Nous constatons, désabusés, l’éclatante incohérence d’un gouvernement du champion de la terre, mais dont aucun Ministre n’était présent lors des négociations finales d’une COP24 si décevante, alors que le Secrétaire Général de l’ONU s’égosille à rappeler que l’inaction serait « immorale et suicidaire ».
Nous assistons aux conséquences de l’imposture d’un gouvernement qui taxe le diesel au nom du climat, dont il se sert comme d’un prétexte pour imposer une fiscalité inégalitaire, créant de ce fait une transition écologique dramatiquement incomprise. Les gilets jaunes, qui dans certaines villes comme Poitiers ont convergé avec les Marches pour le climat, ne luttent pas contre l’écologie ; mais contre l’injustice fiscale, et l’injustice de l’aménagement du territoire qui rend certains -déjà !- plus vulnérables que d’autres aux coûts du changement climatique. Ils démontrent que la transition écologique ne peut se faire qu’au prisme de la justice, de la solidarité y-compris entre territoires, et d’une préoccupation démocratique sincère.

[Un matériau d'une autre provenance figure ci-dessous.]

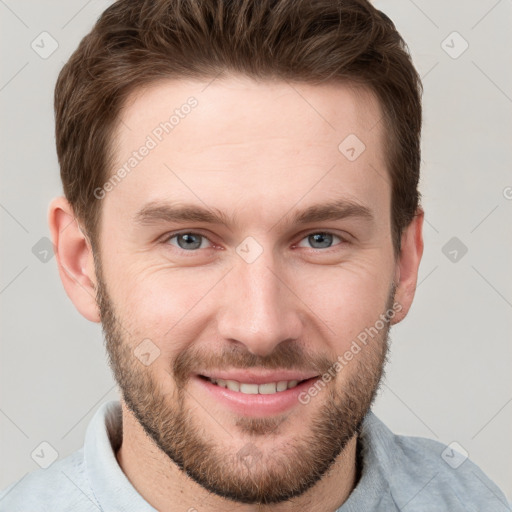 Joyful white young-adult male with short  brown hair and grey eyes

Nous avons d’emblée salué votre initiative d’une plénière dédiée à la transition écologique, et nous avons eu l’occasion de vous dire notre volonté de construire, ensemble, ce rendez-vous important. Face aux impératifs climatiques, il ne peut y avoir de perspective salutaire que dans la coopération et le rassemblement des énergies.
Pour autant, plus que jamais nous y défendrons une transition écologique exigeante et profondément cohérente. Nous serons fiables et prévisibles, mais nous annonçons la couleur : la situation de l’humanité ne permet pas la demi-mesure, ou les incohérences. En tout cas, nous ne souhaiterons plus y engager notre responsabilité si nos engagements n’étaient pas à la hauteur.
Notre Région Nouvelle-Aquitaine se veut, notamment par la voix de son Président, la première Région de France engagée pour la transition écologique et la sortie des pesticides -ce dont nous pouvons être fiers. Mais quelle demi-mesure son budget représente t-il ! Il est l’illustration même de la difficulté à donner un reflet financier à ces priorités : quand allons-nous financer la sortie des pesticides ? Quand notre budget va-t-il donner à voir la réduction des émissions carbone que nos financements permettent d’engager ?
Une politique régionale de l’eau à la hauteur des enjeux du dérèglement climatique ?
L’incohérence, aujourd’hui encore, de la réponse que notre assemblée pourrait apporter à la question : quelle politique de gestion de l’eau peut être efficace pour se préparer à affronter au mieux les dérèglements climatiques ? Car c’est bien là la question que nous devons nous poser.
Le protocole auquel je fais référence, sur les retenues en Deux-Sèvres, est symbolique : il parle d’agriculture… mais ce n’est pas le problème. La position mitigée des représentants des professionnels, le désarroi croissant de nombreux autres, montre que ces projets ne font pas consensus même au sein de la profession agricole. Nous ne sommes pas contre la transition de l’agriculture.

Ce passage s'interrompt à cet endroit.